Argo recounts this close cooperation between Hollywood and the US government. In order to make the CIA’s contrived cover plausible, the film industry supplies a front studio that gives every appearance of genuinely making the film. This hoodwinks the Iranian authorities, including its Ministry of Culture.
It’s revealing that Affleck’s film does not merely celebrate Hollywood’s collaboration with the US state: ironically, Argo becomes another example of such collusion in the context of 21st century foreign relations, very effectively engineering a perception of Iran that justifies current US policy towards it. It paints a picture of ordinary Iranians as irrational and violent religious zealots, in the service of Islamic clerics like Ayatollah Khomeini, who eventually took power following the revolution.
No balanced view
However, the film is not completely silent on the aspects of modern Iran that fit less easily with the received US propaganda picture. Affleck did Middle Eastern Studies in the year he spent at university. Presumably he, along with George Clooney who co-produced the film, sees himself as having a sophisticated and balanced view on the subject.
Argo does in fact start with a brief yet informative historical overview: from millennia of Persian kings; to the arrival of British oil interests early in the 20th century; the 1950 election of left-nationalist Prime Minister Mohammad Mosaddeq whose central policy is oil nationalisation; the CIA orchestrated coup three years later aimed at re-installing Shah Mohammed Reza Pahlavi as a key regional ally; and the West’s decades long support for Pahlavi’s brutal armed repression of political opponents.
Argo’s opening scenes are sympathetic to the angry mass protest at the US Embassy over the Carter administration’s refusal to repatriate the deposed Shah to face trial. One embassy employee quips, “If we gave him over, we’d lose the trust of our other dictator friends”. As the Iranians invade the embassy, the viewer can also find amusement in the fact that the primary preoccupation of besieged embassy officials is the shredding of sensitive confidential documents.
Yet once the film’s focus shifts to the six Americans who manage to escape, ordinary Iranians, like those in Tehran’s bazaar, are portrayed as either an irrational violent mob, or as bumbling simpletons, like the airport security duped by the explanation of Argo’s “plot” in a concocted scene towards the end.

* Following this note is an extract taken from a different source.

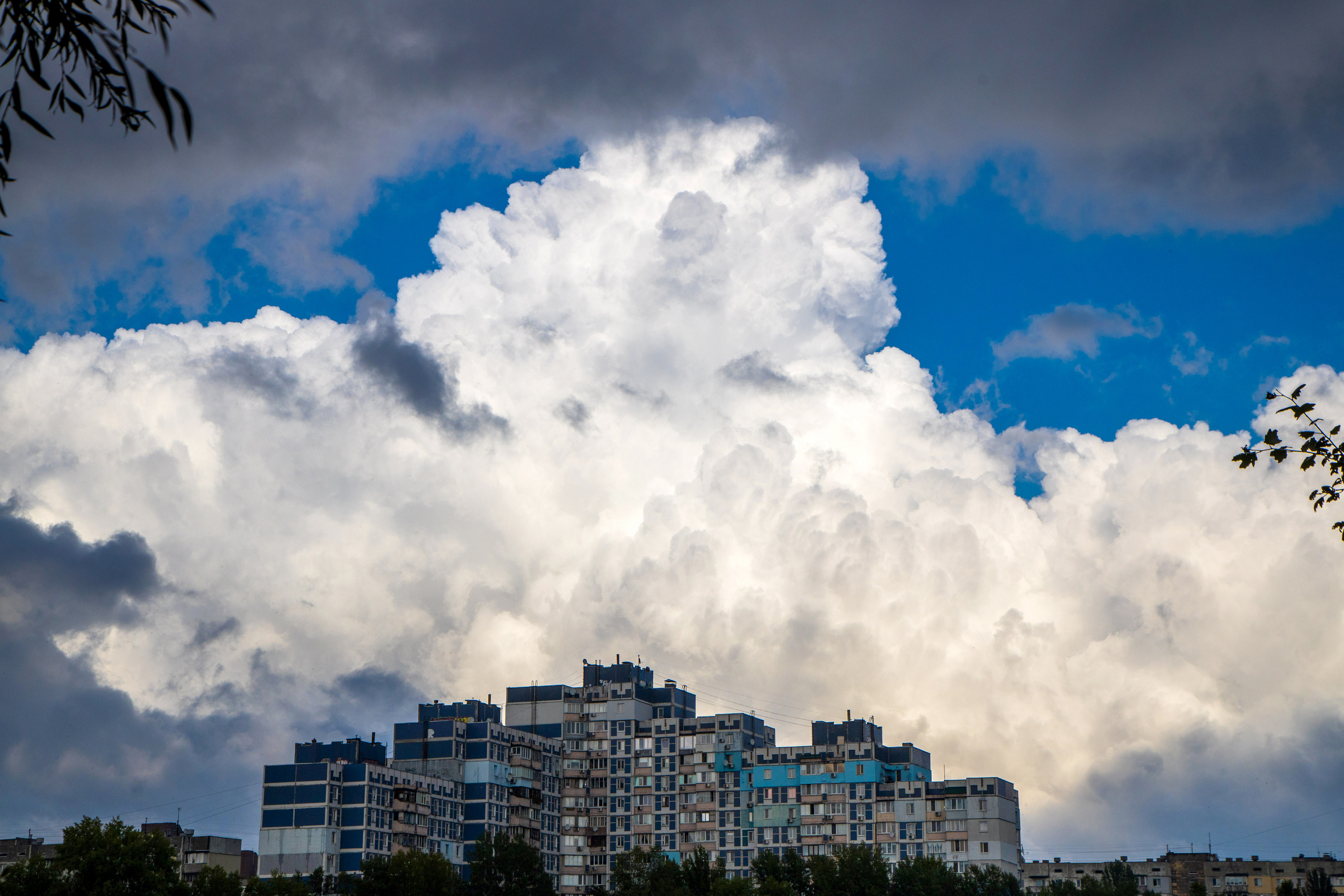 ART. Photographer Andrey Nekrasov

On the rare occasions that Iranian people actually speak, their Farsi isn’t subtitled. The only Iranians capable of rational deliberation are the menacing security agents charged with tracking down the six embassy staff. The film’s only “good Iranian” is the Canadian ambassador’s beautiful housemaid, who refuses to betray the Americans. The significant role played by the left in the Iranian revolution is completely omitted, and by the end of the film, any impression of a more progressive Iran has been entirely overlaid by the subsequent grotesque caricature of a violent, threatening rogue state.
The good guys
By contrast, the film’s hero is the charismatic and selfless CIA operative Tony Mendez (played by Affleck), whose duty for his country has seen him sacrifice relationships with his wife and son. An interview Affleck did with Agence France Presse is very revealing: “It was really inspiring to meet Tony,” Affleck said. “He was steeped in this movie. It was Tony’s story, Tony’s point of view.”
In one of the most remarkable indictments of the film’s ideology, the final on-screen text relating the characters’ eventual fate hails the US-Canadian cooperation in the operation as a model of “cooperation” among the family of nations. This is rather like praising Exxon or Shell for advances in managing oil-spills!

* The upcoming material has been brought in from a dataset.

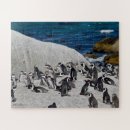 Search for penguin puzzles Birds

Moreover, America’s re-installation of the Shah in 1953, and its refusal to take any steps to bring him to justice were serious affronts to the very concepts of global justice and international cooperation that the film claims it wholeheartedly served. In this context, praise for US-Canadian cooperation is an ironic measure of Affleck’s failure to see through convenient myths about the nature of American power.
According to a classic mechanism of censorship and propaganda, ideological control is most successfully exercised when the censoring authority doesn’t even need to specifically instruct its propaganda agents on the required message.
Argo goes a step even further than this. Affleck and his collaborators seem to have thought that they were offering a balanced, somewhat pro-Iranian version of an important episode in American international relations. But the received US propaganda account is so deeply entrenched in their minds that they flawlessly reinforce it, while apparently believing they are doing something quite different.